One Weird Trick to Make $1,500 Every Time a Yahoo! User Sends You a Message
February 20, 2014The Telephone Consumer Protection Act was abused again earlier this month to bring suit against Yahoo!. Responsible for increasingly clogging up courts, the TCPA has been used aggressively against debt collectors and telemarketers, the intended target industry – but it’s curious to find a suit on a friendly text message. Yahoo! offers instant message users the ability to receive a text message notification of an instant message. The tool also allows people who do not own a mobile phone to send and receive text messages for free. The first message plaintiff-Sherman received was, “A Yahoo! user has sent you a message. Reply to that SMS to respond. Reply INFO to this SMS for help or to go y.ahoo.it/imsms.” The second message, apparently from a friend stated: “Hey get online I have to talk to you.”
If the recipient has not previously been sent a computer to phone message, then the recipient is sent a single automatically generated notification message. This unsolicited message is the willful violation of the TCPA that a federal court in California has determined may warrant statutory compensation. The 2013 Amendments to the TCPA made it illegal to make any call to a cellphone, including sending a SMS, illegal without the express prior written consent granted to the caller which is made using an Automatic Telephone Dialer System. The statutory definition of an ATDS makes it clear that the law was aimed at preventing telemarketers from reaching people by using randomly generated, or sequentially dialed (000-0001, 000-0002) phone numbers. After receiving these two messages, Sherman initiated suit against the company under the TCPA in a federal district court in Southern California.
A relic of an era populated with fax machines and brick-sized cellphones with callers concerned about their limited minutes of talk time, the TCPA aims to limit costs imposed on cellphone and fax users by advertisers. In practice, it’s been used to extract money from companies that aim for efficiency through technology or provide free telecommunications services. Designed for victims to easily bring claims in small claims court.
The TCPA affords a $500 statutory remedy for negligent violations, and $1,500 for willful violations. But a cottage industry of attorneys has developed around TCPA litigation because these statutory penalties are per call, and may be brought as a class action.
My friends never send me $3,000 claims against anyone.
The federal district court hearing the claim against Yahoo! finds that ATDS has a very broad definition, anything that has the capacity to store or produce numbers to be called using a random generator or from a list—basically any computer. Essentially, if the caller’s fingers did not physically punch the telephone number into a phone immediately before the text was sent to Sherman, this district court would find the SMS subject to the TCPA.

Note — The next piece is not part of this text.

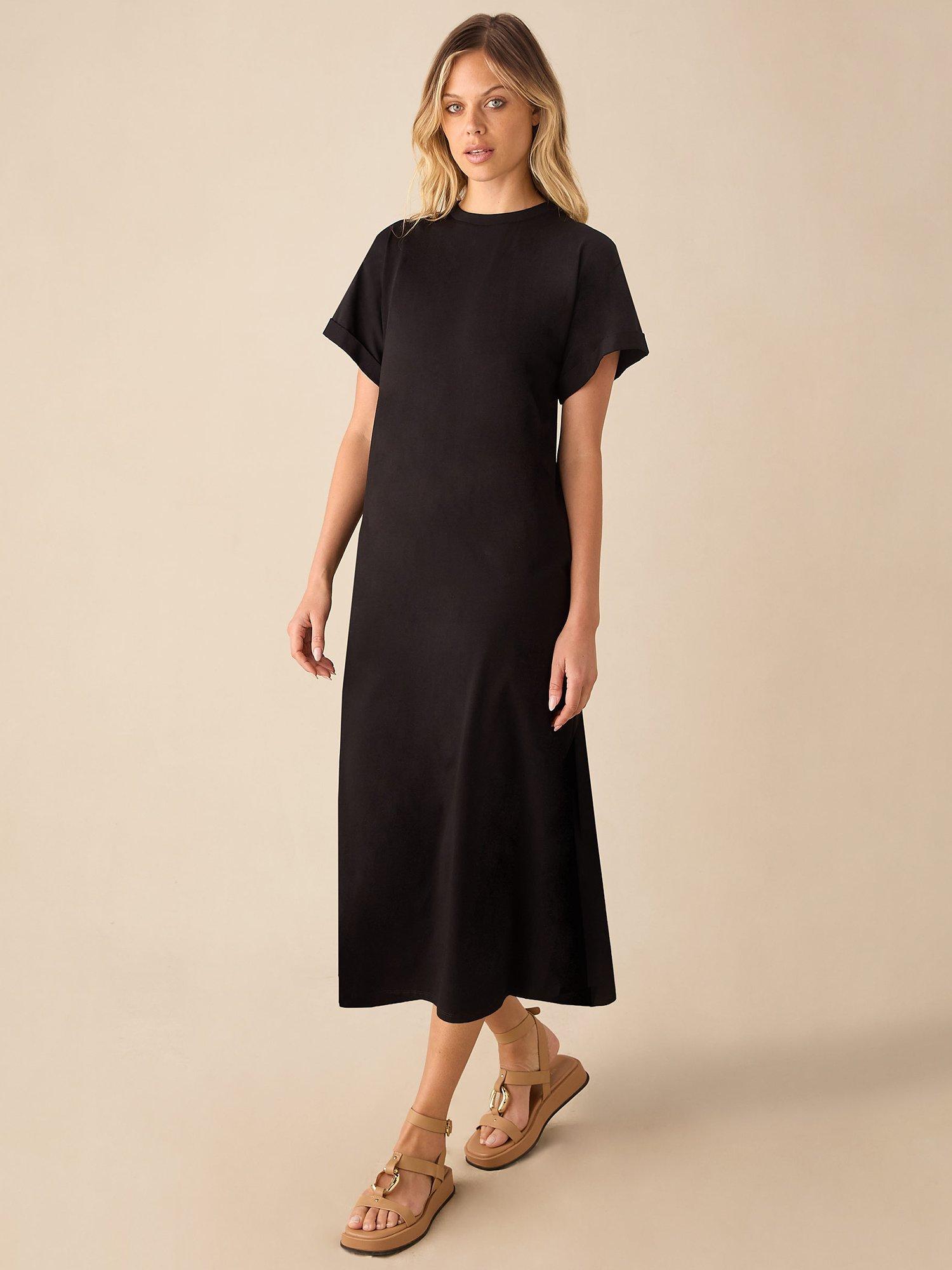 Black jersey t shirt dress hotsell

It’s tough to argue that having a friend without a cell phone send a SMS is the type of harm that Congress intended to be remedied with the TCPA. The opt-out requirement of the TCPA, we’re all familiar with, sending “STOP” to spammers, was fulfilled in this case. Clear abuse of the TCPA stifles innovation and efficiency by penalizing a company providing a valuable and free service, but also brings attention to the absurdity of some applications. Maybe Sherman is just pointing out how outmoded the TCPA can be.